Requirement: When you write out the listing, keep each word exactly as it stands but include none of its images.
(Available data Opens)
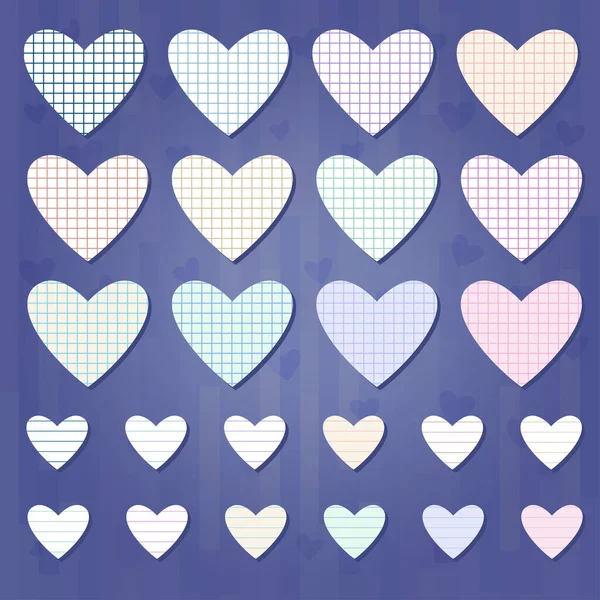 Set Paper Checkered Striped Paper Hearts Darl Blue Background — Stock Vector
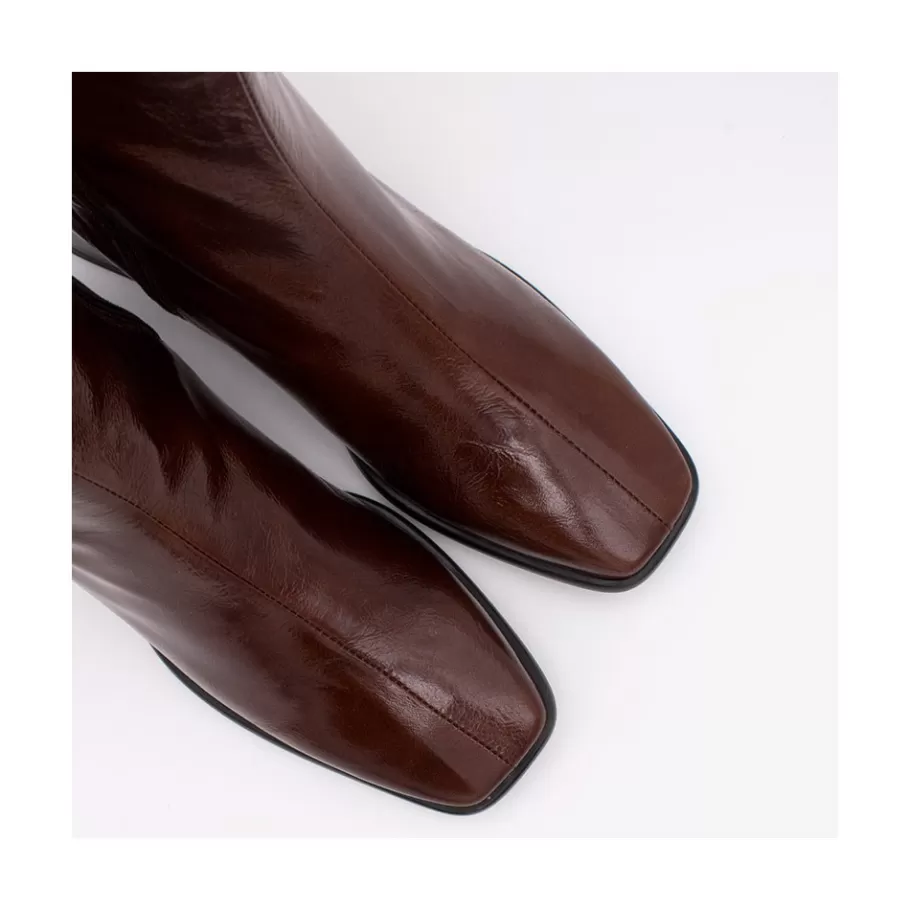 Boots And Booties<Ángel Alarcón Masha - Comfortable Shiny Leather Woman Booties With Low Heel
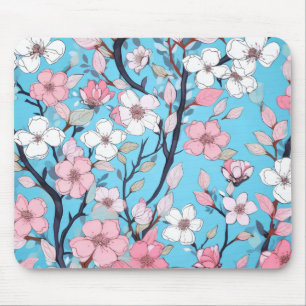 Tapis De Souris Ciel bleu de l'arbre en floraison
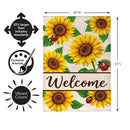 Sunflower Burst Burlap Flag House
(Available data Closes)
Completed exercise:
 Set Paper Checkered Striped Paper Hearts Darl Blue Background — Stock Vector
 Boots And Booties<Ángel Alarcón Masha - Comfortable Shiny Leather Woman Booties With Low Heel
 Tapis De Souris Ciel bleu de l'arbre en floraison
 Sunflower Burst Burlap Flag House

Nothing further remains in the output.